Wednesday, April 04, 2012


Turner Movie Classics is having a Doris Day week all this week.Probably because Doris Mary Ann Kappelhoff was born 89 years ago yesterday. Y'think?

Anyway, I have a funny thing with Doris. In a lot of ways I enjoy both her public person and her work.

She was, and is, a very gorgeous and talented woman and I'm a sucker for smart, funny, handsome women.And while I think she's often pigeonholed in the "Fifties Crinoline" ghetto of leading ladies of the late studio period, assumed to be a sort of one-trick genre pony because of her bedroom farce work with Rock Hudson, she's a genuinely watchable actress, a hell of a singer, and a fairly gifted comedian. She did a lot of good stuff during her movie period, and her place as one of the divas of the American Songbook she earned her props.

But, at the same time, I really dislike her bedroom comedies. It's not just the now-infamous mismatch between the on-screen cliche ravenous-playboy-and-tightassed-virgin and the behind-the-screen cliche gay man and clueless (supposedly - Day has said publicly that she had no idea her co-star liked boys, too) het starlet.

It's the whole revirgination that the studio, their publicists, and the public foisted on Doris.

It's my understanding that she had the perfectly healthy sexual appetite. Doris was young and attractive in a place full of other young, attractive people; she was financially successful, making enough money to support herself, and frankly had no real reason not to enjoy any number of liasons, friendly, romantic, sexual, or all three if she so chose.

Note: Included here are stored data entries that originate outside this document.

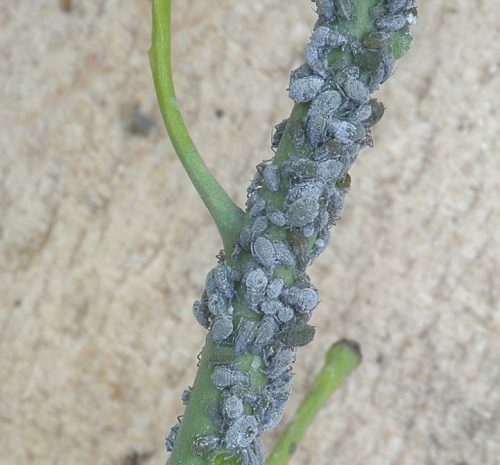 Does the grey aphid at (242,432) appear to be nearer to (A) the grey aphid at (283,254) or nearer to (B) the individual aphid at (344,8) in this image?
(A) the grey aphid at (283,254)

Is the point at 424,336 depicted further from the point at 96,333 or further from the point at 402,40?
the point at 402,40

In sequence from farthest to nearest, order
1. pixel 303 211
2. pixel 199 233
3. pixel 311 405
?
pixel 199 233 < pixel 311 405 < pixel 303 211

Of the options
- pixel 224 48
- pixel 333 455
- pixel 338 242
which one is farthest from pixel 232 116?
pixel 333 455

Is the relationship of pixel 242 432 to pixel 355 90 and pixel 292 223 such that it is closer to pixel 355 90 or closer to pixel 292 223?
pixel 292 223

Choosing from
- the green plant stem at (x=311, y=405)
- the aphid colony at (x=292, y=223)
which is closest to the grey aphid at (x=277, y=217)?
the aphid colony at (x=292, y=223)

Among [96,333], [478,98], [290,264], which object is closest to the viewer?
[290,264]

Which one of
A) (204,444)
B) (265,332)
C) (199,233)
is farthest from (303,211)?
(199,233)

Doris herself later (in 1975) claimed that she liked to get busy, didn't try to hide that (beyond the normal public duplicity required in the Forties, Fifties, and early Sixties), and had no part in the "virgin-girl-next-door" maskirova:
"The succession of cheerful, period musicals I made, plus Oscar Levant's highly publicized comment about my virginity ("I knew Doris Day before she became a virgin.") contributed to what has been called my 'image', which is a word that baffles me. There never was any intent on my part either in my acting or in my private life to create any such thing as an image."
Sadly, what she did seem to have is a terrible run of luck - or terrible choices - in her long-term relationships. Her husbands (and she had four) were almost uniformly either wretched bastards or fools. At least two of them were Christian Scientists - which IMO qualifies as both - whose goofy woo-wooism nearly got her killed when she went for years with an undiagnosed breast cancer.So I can't get away from thinking about the woman's off-screen life when I watch her romantic comedies. The sexual double standard a Doris Day romcom hammers on is the mirror image of Doris Kappelhof's sexual life.

He's supposed to be - and usually is - a tomcat on the prowl. She's supposed to be - and usually is - this simpering missish little bit of fluff - but one who succumbs to his devilish charm.

He wants sex from her and throws out "love" (or a simulacrum of love) to try and get it. He tricks her, fools her, abuses her - in a sense - and she loves him for it.Meanwhile, she doesn't - and isn't supposed to - even think about sex until she realizes she luuuurves him...and then she finds a way to trap him into marriage to get both.

Her own welfare, her own business, are not even important enough for her to worry about, let alone him!

(For what it's worth, the worst one of these things I've come across wasn't a Hudson picture but something called The Glass Bottomed Boat she did in 1966 with Rod Taylor; it's also called "The Spy In Lace Panties", from which you get the idea. The worst insult is the point where Doris literally overhears Rod telling his crony that she's an idiotic life support system for a vagina that he's tricking into bed - and she ends up in bed with him anyway. It's a wretched mess, and it seems to have been a box-office hit. Ugh.)

So while I enjoy watching many of Day's films, she sometimes makes me uneasy. I just can't help watching Rock and Rod (not gay, those names, eh?) make a fool of her on the screen without thinking of her husbands beating on her and stealing from her and making a fool of her in life.

Art imitating life? Or life - in the persons of those husbands - learning what art told it it was supposed to do?Sometimes I wonder if Doris herself, walking alone through the rooms of her house in Carmel with only her pets for company, wonders that, too.